Caption-style text data
BEGIN
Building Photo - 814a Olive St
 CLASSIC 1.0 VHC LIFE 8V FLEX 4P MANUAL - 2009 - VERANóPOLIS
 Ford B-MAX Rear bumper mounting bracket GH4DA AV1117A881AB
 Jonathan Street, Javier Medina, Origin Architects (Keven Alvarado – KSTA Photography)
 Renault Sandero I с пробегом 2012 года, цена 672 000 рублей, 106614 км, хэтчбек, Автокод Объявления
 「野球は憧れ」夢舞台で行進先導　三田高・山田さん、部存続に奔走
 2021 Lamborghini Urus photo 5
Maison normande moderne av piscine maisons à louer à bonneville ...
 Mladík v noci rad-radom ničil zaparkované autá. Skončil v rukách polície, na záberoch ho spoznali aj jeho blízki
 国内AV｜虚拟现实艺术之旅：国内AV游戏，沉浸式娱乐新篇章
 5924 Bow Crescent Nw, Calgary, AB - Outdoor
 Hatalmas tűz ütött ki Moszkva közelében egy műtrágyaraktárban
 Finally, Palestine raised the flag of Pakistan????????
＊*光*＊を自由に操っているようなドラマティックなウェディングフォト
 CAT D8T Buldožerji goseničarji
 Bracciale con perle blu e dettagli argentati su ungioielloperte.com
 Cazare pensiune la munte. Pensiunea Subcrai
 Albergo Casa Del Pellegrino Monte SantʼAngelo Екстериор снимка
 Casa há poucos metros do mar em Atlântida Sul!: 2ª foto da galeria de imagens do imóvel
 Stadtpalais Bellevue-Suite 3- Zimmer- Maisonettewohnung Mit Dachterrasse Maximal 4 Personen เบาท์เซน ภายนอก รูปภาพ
END
> [Task to complete]: If a line above holds the string "Casa", count it; give the final total as the only output.

> [Response box]: 2